The sanctions imposed by Western countries on Russia are having a significant impact also on the crypto markets. A recent G7 memo threatened to impose further sanctions against the country if it continues its invasion of Ukraine.
G7 ready to tighten sanctions on Russia
At the moment, despite high-level talks between Ukraine and Russia, the Russian army is continuing its invasion campaign, so it is difficult to assume that it will end soon.
It could probably only come to a rapid halt in the event of ultimate success, or resounding failure. The current situation seems to be at a standstill.
Moreover, even if it were to end in success, it is very likely that the sanctions would continue.
The sanctions already in place have started to create serious liquidity problems for the Russians, as there are very strong restrictions on the use of fiat currencies, both for international transactions and for cash withdrawals from ATMs.
In the current situation, it seems very unlikely that these restrictions can be lifted, or even reduced, and the G7 memo even suggests that there is a serious possibility that they will be tightened.
Ruble-bitcoin exchanges on the rise
Boom for the Ruble-Bitcoin exchange rate
Data on trading volumes on exchanges for the BTC/RUB (Bitcoin/Russian Ruble) pair reveal that there has been a sudden boom since the middle of last week.
This boom wasn’t triggered on the day Putin announced his intention to annex Ukraine, nor when the first Russian troops entered Ukrainian territory. It occurred at the very moment when it became clear that Western states would impose sanctions aimed in particular at the Russian banking system.
So when the Russians began to realize that they would really have to deal with extensive restrictions on the use of their fiat money, they started buying BTC with the rubles they had on the exchanges.

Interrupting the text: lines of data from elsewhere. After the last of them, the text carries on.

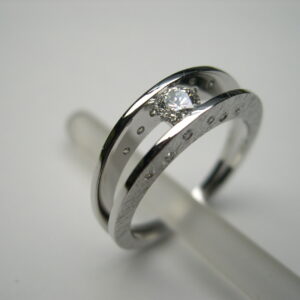 Anell d’or blanc amb diamants talla brillant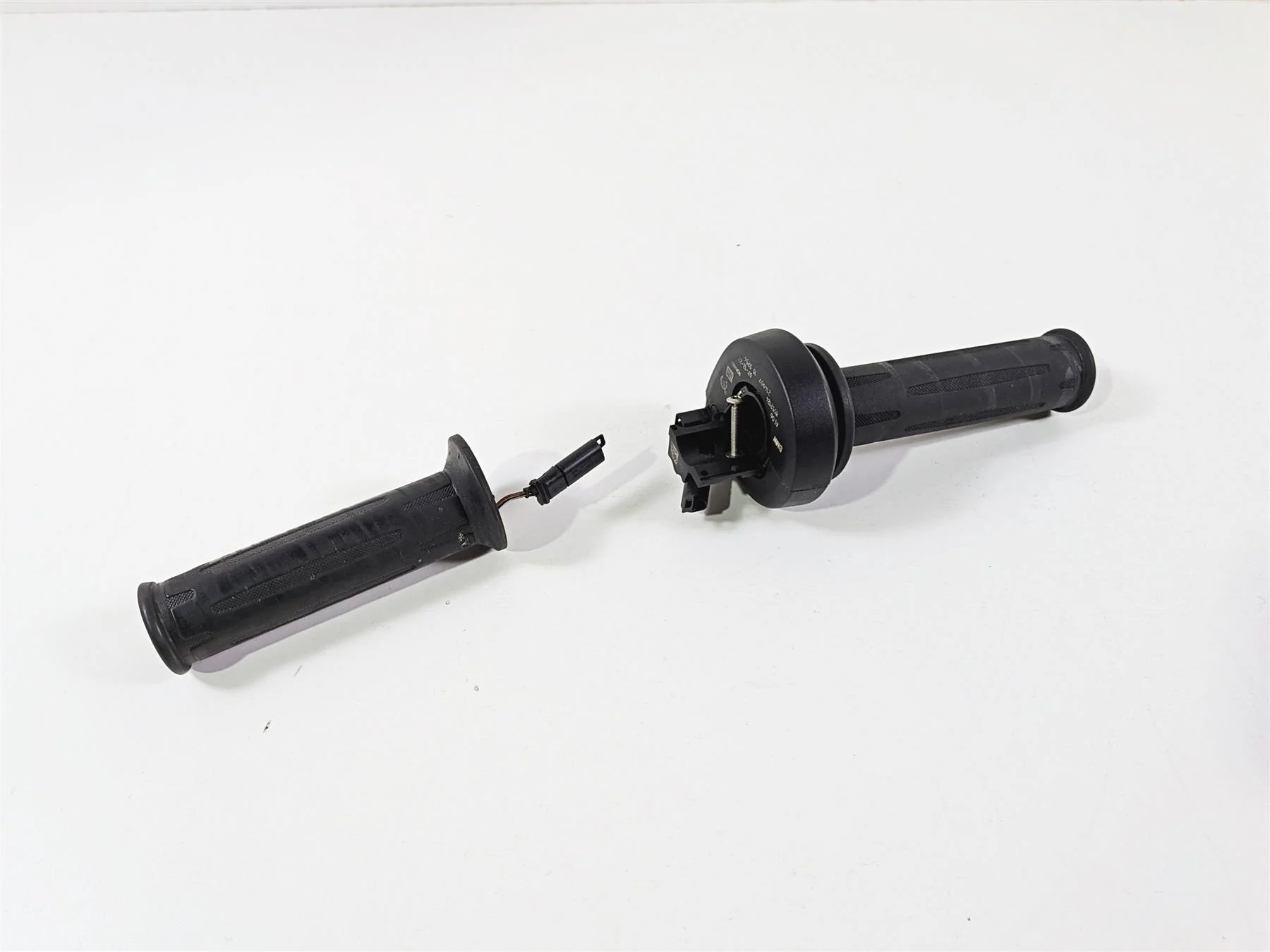 2015 BMW R1200GS K50 Left Right Heated Hand Grip Cruise 61318552124 - Image 3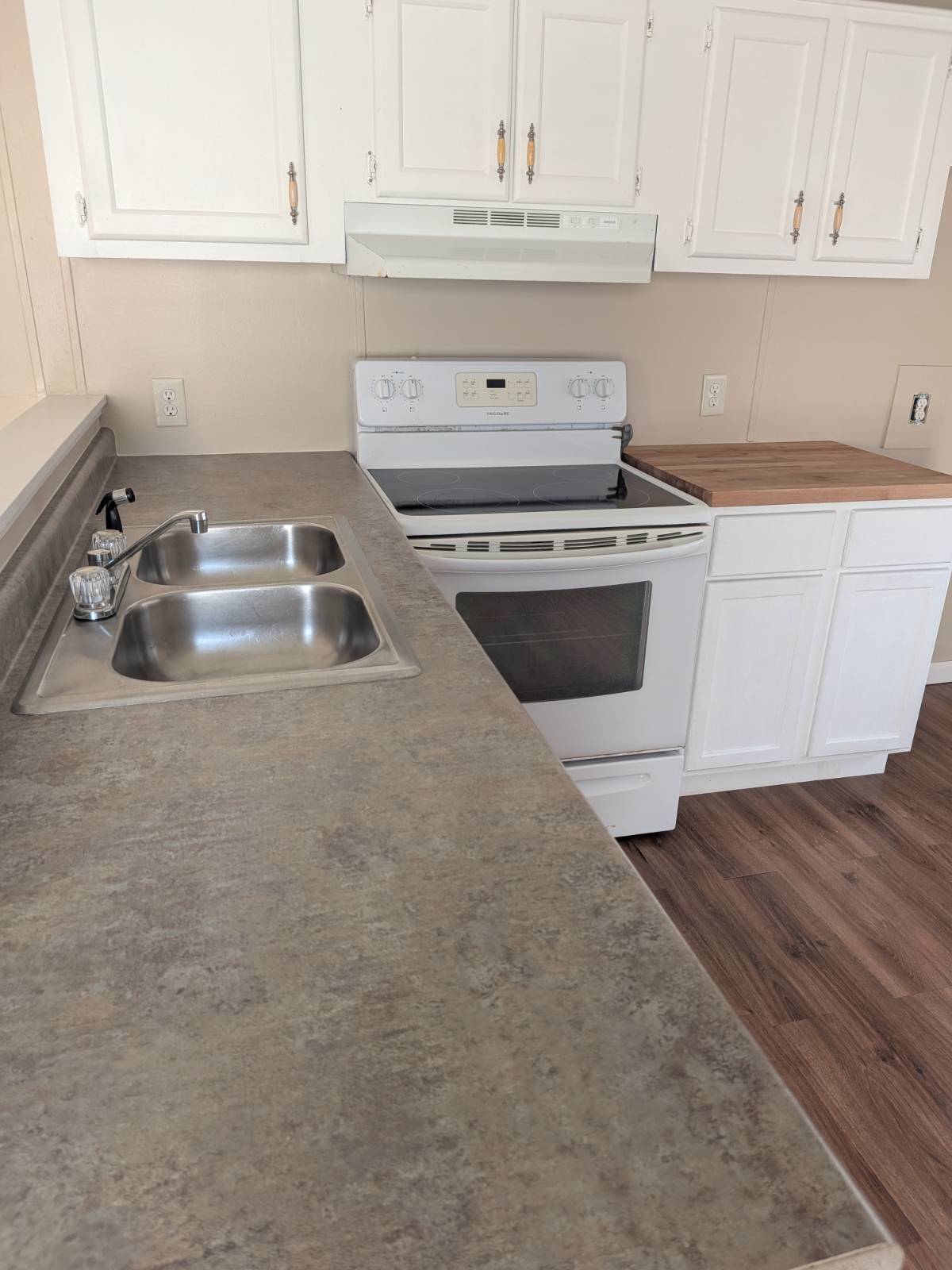 residential communities, community living, well-maintained housing communities, quality mobile home living, mobile homes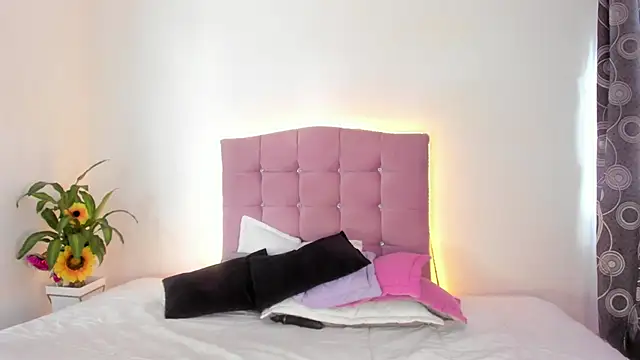 MarieLatex online show from 12/19/24, 08:34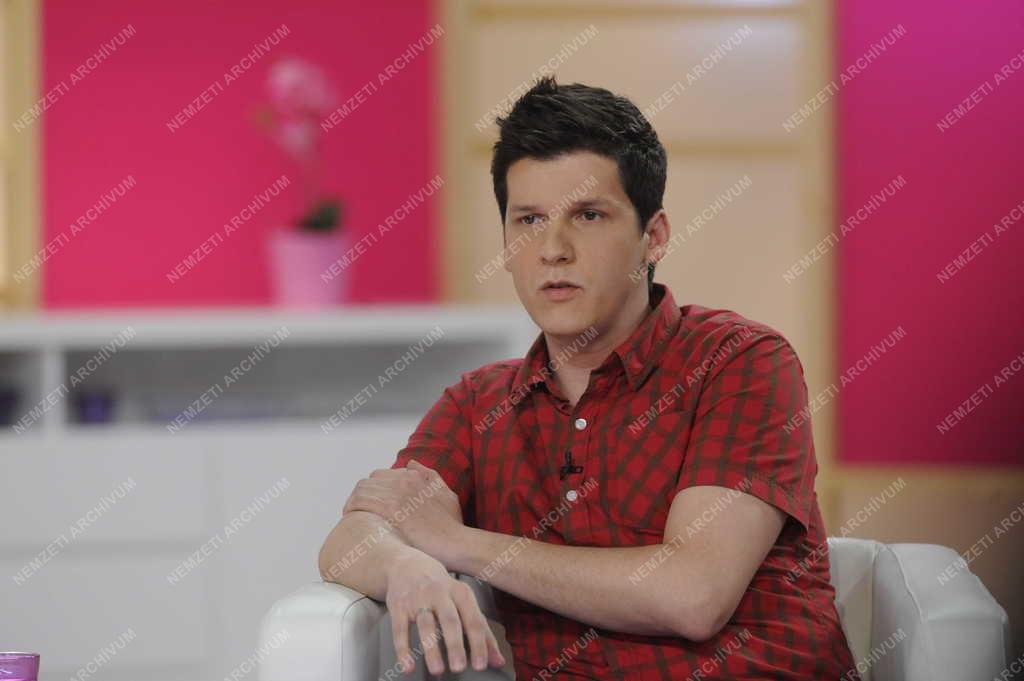 Televízió - Ridikül című női beszélgetős műsor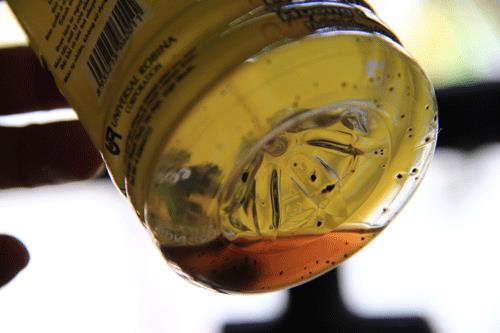 Đời sống - Người d&acirc;n phản &aacute;nh chai C2 bị 'bốc hơi', chứa nhiều dị vật bẩn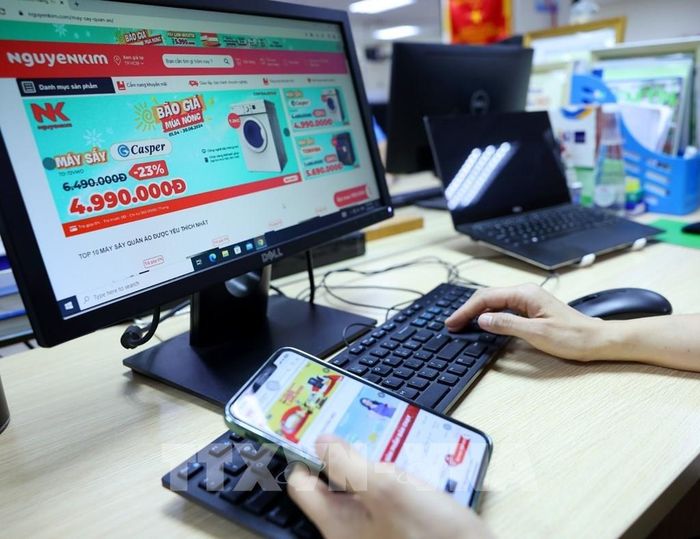 Trong thời gian qua, Cục Thuế (Bộ Tài chính) đã nỗ lực triển khai nhiều giải pháp nhằm tăng cường công tác quản lý thuế đối với hoạt động TMĐT. Ảnh: Phạm Hậu - TTXVN
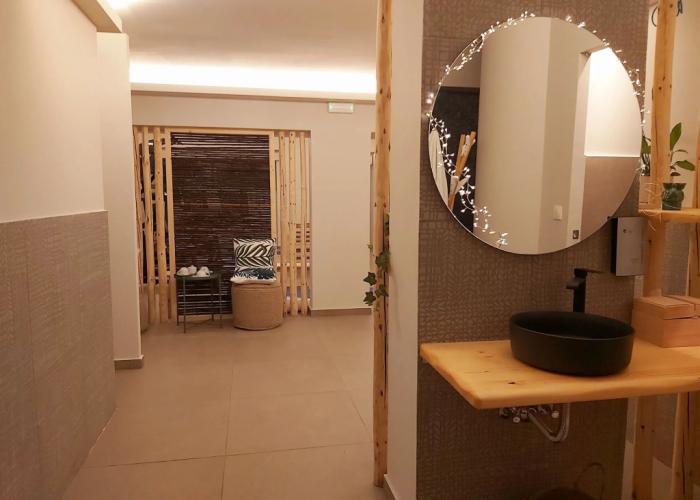 Alexakis Hotel & Spa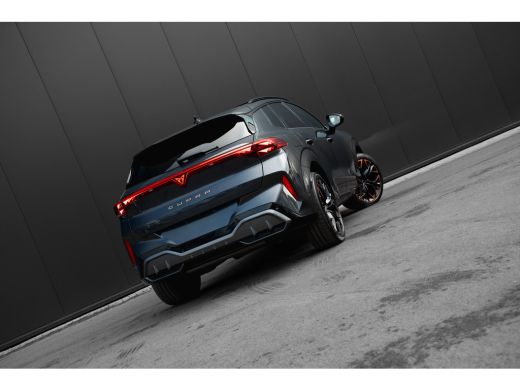 CUPRA Terramar 1.5 TSI e-Hybrid 272pk VZ Performance | Garantie t/m 2030 | Panoramadak | Trekhaak | Sennheiser |... ActivLease financial lease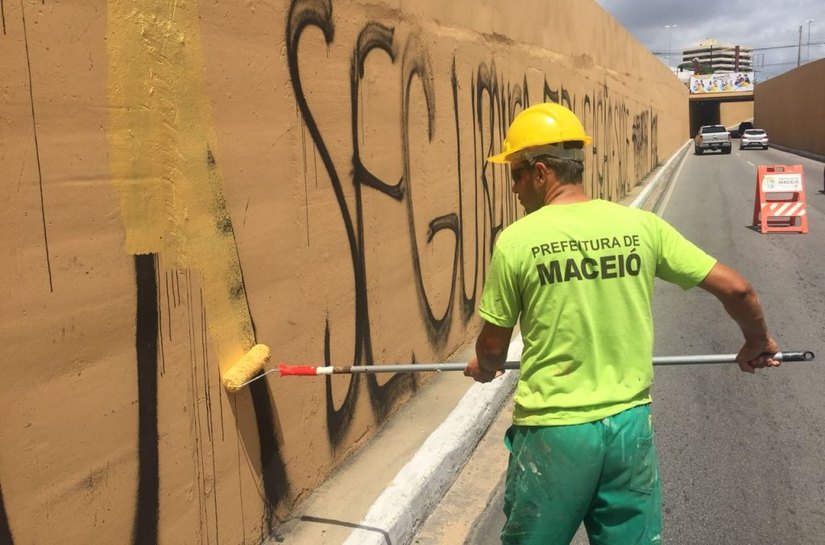 Prefeitura recupera viaduto José Aprígio após nova ação de vândalos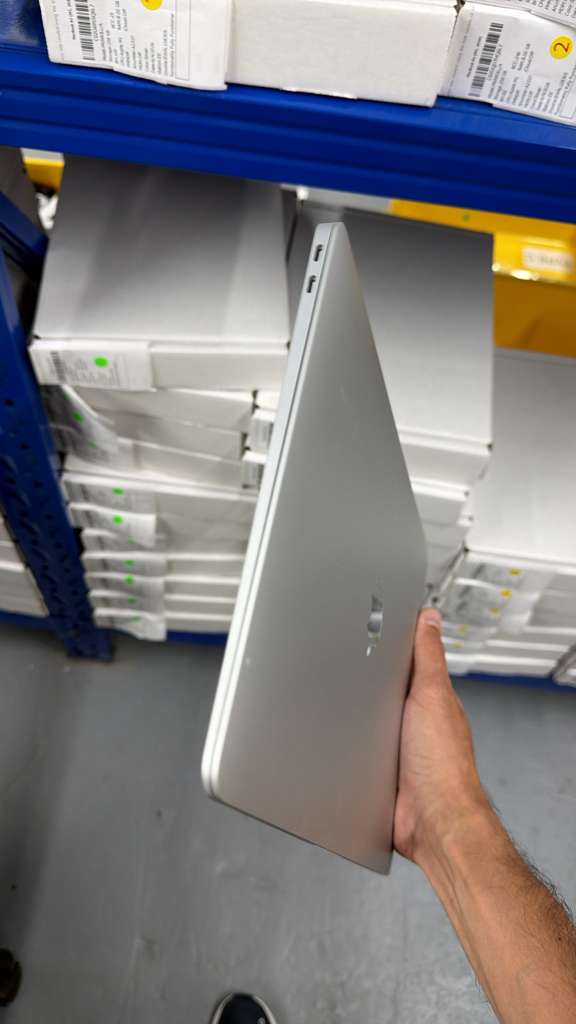 MACBOOK AIR 2020 Foto 7314475-2.jpg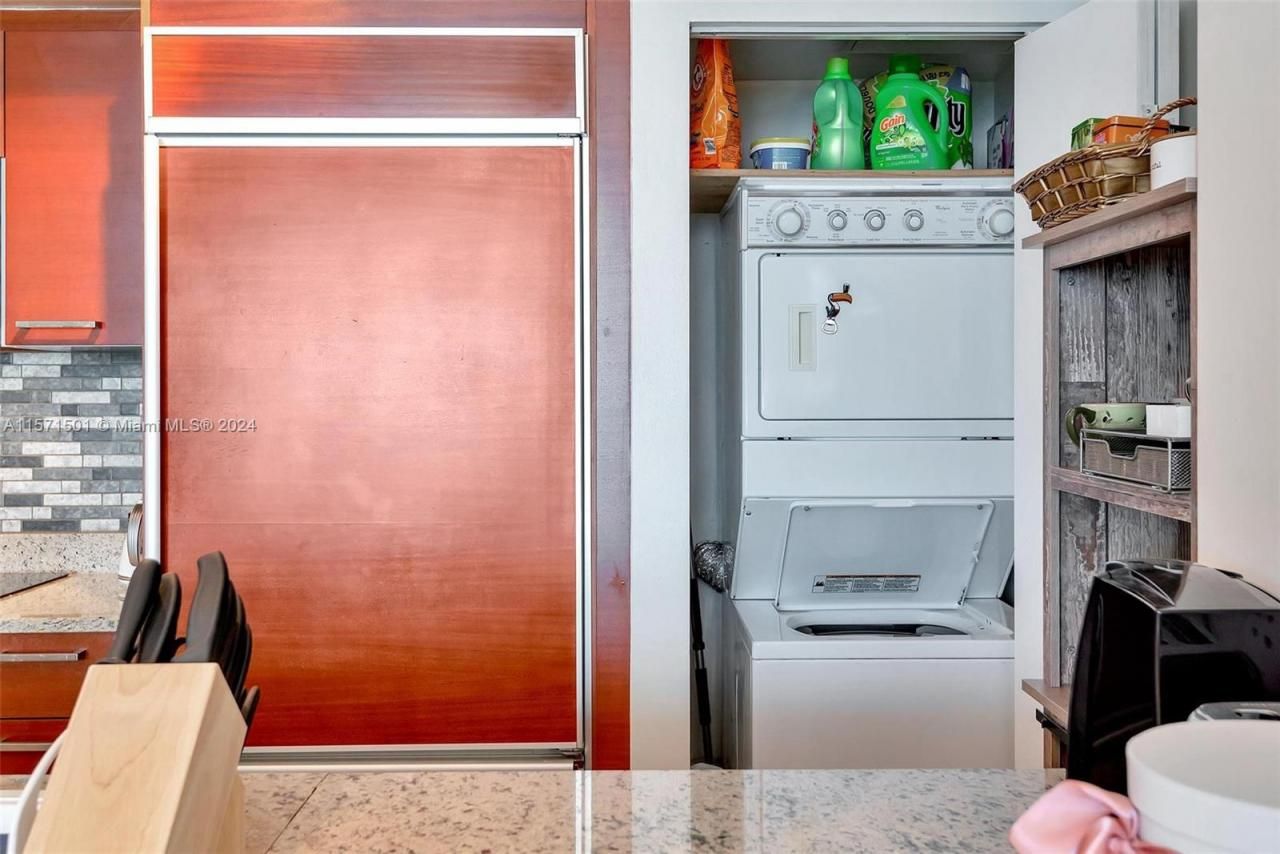1830 S Ocean Dr, Unit 4709, Hallandale Beach, FL 33009 Photo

The turning point occurred on Thursday 24 February, when the price of Bitcoin, not surprisingly, rebounded to $38,000 after falling almost to $34,000.
The second turning point occurred yesterday, with the price of Bitcoin jumping from $38,000 to $43,000. It is safe to assume that in the event of further sanctions the Russians will be even more driven to use Bitcoin instead of fiat currencies.
It remains to be seen what real purchasing power Russians have on crypto exchanges, but given that many wealthy Russians live abroad and have reserves in various currencies, it is possible that there is still plenty of room for further purchases.